以下の実施例および比較例において、使用した成分は、以下の表1の通りである。
Figure 0006857966
(実施例1〜2、比較例1〜4)
上記表1に記載の各成分を下記表2に記載の配合割合(質量部)になるように配合し、2軸押出機(日本製鋼所社製「TEX−30α」、スクリュー径30mm)を用いて、バレル設定温度250℃、回転数200rpmで押出し樹脂組成物のペレットを作った。
得られたペレットの特性は、射出成形機(日精樹脂工業社製「NEX−80」)を用いてシリンダー温度260℃で、下記(1)、(2)及び(4)の形状の評価用試験片を射出成形した。なお、成形に際して、樹脂組成物はその直前まで120℃にて6〜8時間乾燥した。
<評価方法>
各評価方法は、以下のとおりである。
(1)耐トラッキング特性(CTI)
厚さ3.0mm、50φの円板の試験片を用い、試験法UL746A 23項で規定されている耐トラッキング性試験方法はASTM D3638に準拠して測定した。装置のノズルから電解液(塩化アンモニウム0.1%水溶液、23℃で抵抗率385Ω・cm)を30秒間隔で滴下させ、両白金電極間に600V以下(25Vステップ)の電圧を印加し、トラッキングが発生するまでの電解液滴下数を測定し、5回の平均値が50滴未満となる電圧(単位:V)を求めた。
CTIは、数値が高いほど耐トラッキング性が良好であることを意味し、350V以上であるのが好ましい。
(2)難燃性(UL94)
アンダーライターズ・ラボラトリーズのサブジェクト94(UL94)の方法に準じ、5本の試験片(厚み;0.3mm)を用いて難燃性を試験した。

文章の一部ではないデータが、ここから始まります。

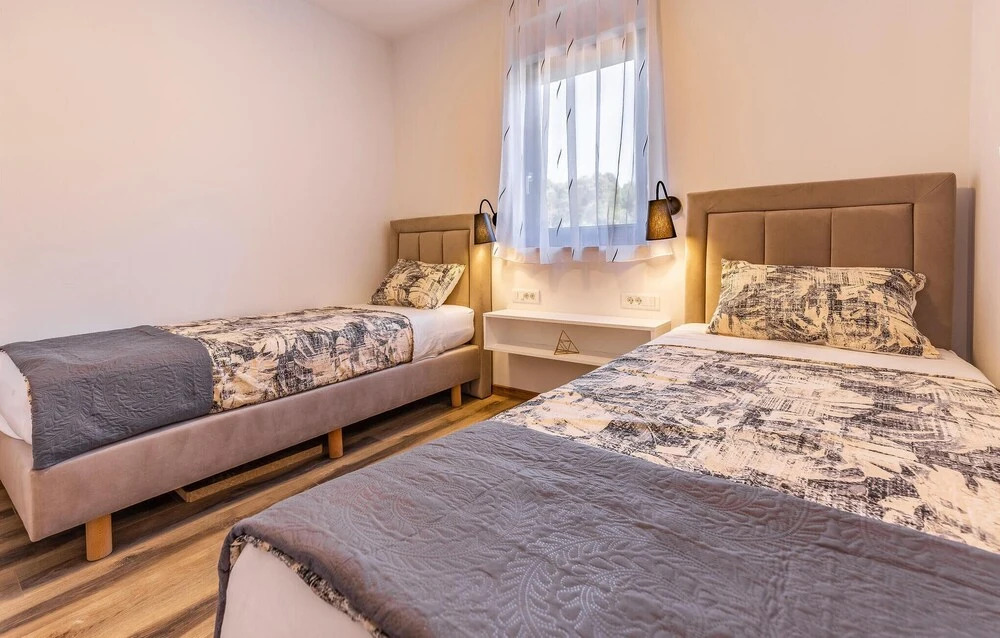 Nice Apartment in Banjole With Outdoor Swimming Pool, Wifi and 2 Bedrooms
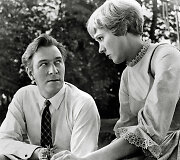 Christopheris Plummeris ir Julie Andrews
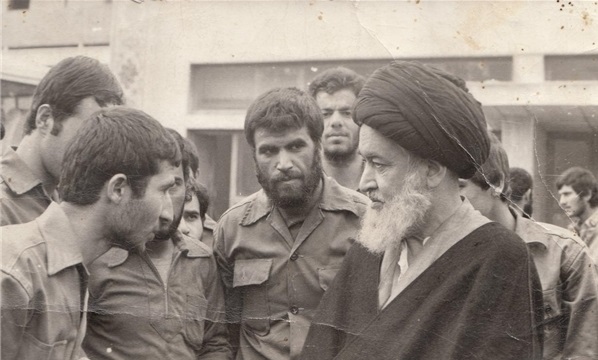 وقتی منافقین محراب مسجد را با میدان جنگ اشتباه می&zwnj;گیرند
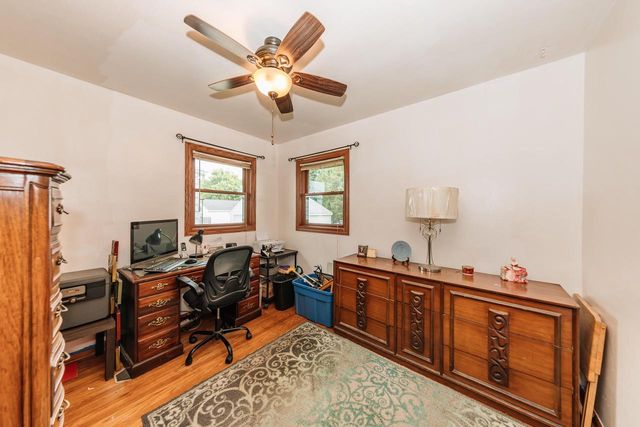 2212 S 91st STREET, West Allis, WI 53227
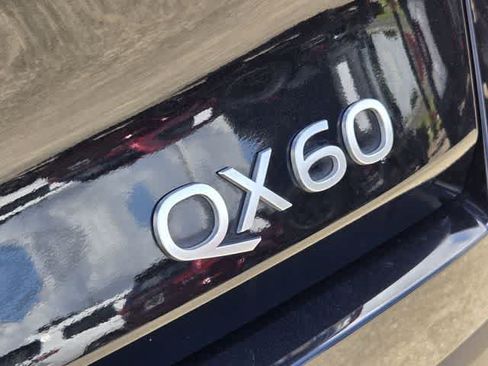 Certified 2027 INFINITI QX60 Luxe w/ Cargo Package FWD image 7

難燃性は、UL94記載の評価方法に従って、V−0、V−1、V−2に分類した。V−0が最も難燃性が高い。
(3)MVR
得られた樹脂組成物ペレットを、120℃で6時間以上乾燥した後、ISO 1133に準拠して、測定温度250℃、荷重5kgfの条件でMVR(メルトボリュームレイト、単位:cm/10min)を測定した。
(4)デラミの評価
デラミによる不具合は薄肉成形品に於いて顕著に発生することがあるので、以下のサイズの成形片を作成し、ランナーから手で引きちぎり、デラミが発生したか否かを目視で確認した。

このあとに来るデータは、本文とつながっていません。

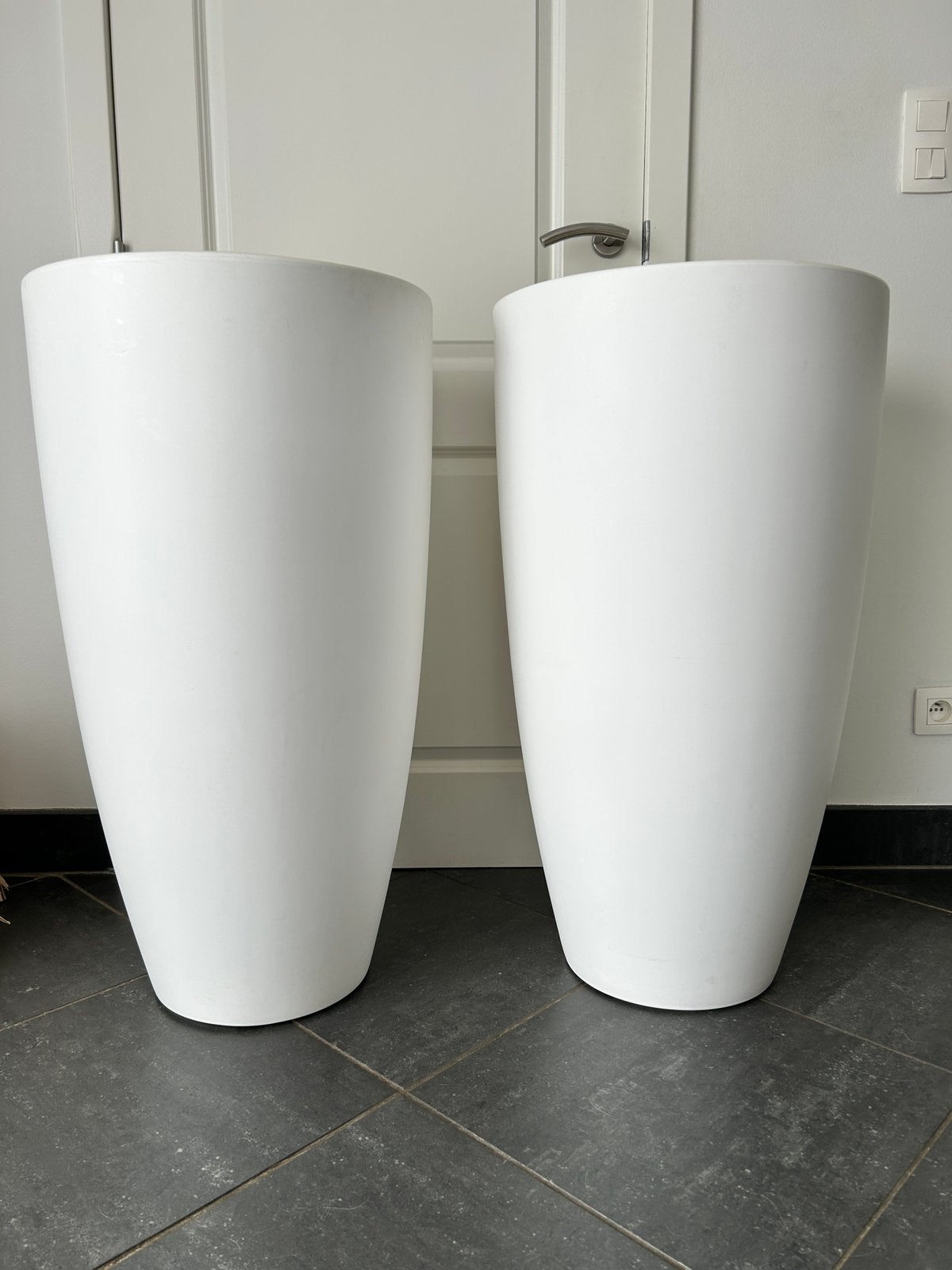 2 grote witte ELHO bloempotten, 90cm hoog, Tuin en Terras, Ophalen, Zo goed als nieuw, Binnen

成形片サイズ:巾13mm×長130mm×厚0.3mm
(フィルムゲートタイプの金型で成形
デラミの評価
目視で確認し、以下の基準で分類した。
○ デラミ無し。
△ デラミは見られるが、程度は小さい。
× 顕著なデラミがあり。
以上の評価結果を、以下の表2に示す。
Figure 0006857966
本発明のポリエステル樹脂組成物は、難燃性と耐トラキング性に優れ、デラミネーション(層状剥離)の問題のないポリエステル樹脂材料なので、電気電子機器部品、例えばコネクター、リレー、スイッチ等や、電気電子機器部品の筐体などの広範囲の部品に特に好適に適用できる。

Claims (6)

  1. ポリブチレンテレフタレート樹脂(A)100質量部に対し、メタロセン系プロピレン共重合体(B)を10〜100質量部及び難燃剤(C)を5〜100質量部含有することを特徴とするポリエステル樹脂組成物。

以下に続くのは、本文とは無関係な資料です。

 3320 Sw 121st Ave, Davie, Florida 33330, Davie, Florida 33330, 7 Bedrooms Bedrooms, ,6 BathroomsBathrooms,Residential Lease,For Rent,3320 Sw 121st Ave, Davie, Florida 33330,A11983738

  2. 相容化剤を、ポリブチレンテレフタレート樹脂(A)100質量部に対し、0.1質量部以上の量で含有しない請求項1に記載のポリエステル樹脂組成物。
  3. プロピレン共重合体(B)が、プロピレン−α−オレフィンランダム共重合体である請求項1又は2に記載のポリエステル樹脂組成物。
  4. さらに、無機充填材(D)を、ポリブチレンテレフタレート樹脂(A)100質量部に対し、5〜100質量部含有する請求項1〜3のいずれか1項に記載のポリエステル樹脂組成物。
  5. 比較トラッキング指数(CTI)が400V以上である請求項1〜4のいずれか1項に記載のポリエステル樹脂組成物。
  6. プロピレン共重合体(B)をメタロセン系触媒を用いた重合法により製造する工程を含む、請求項1〜5のいずれか1項に記載のポリエステル樹脂組成物の製造方法。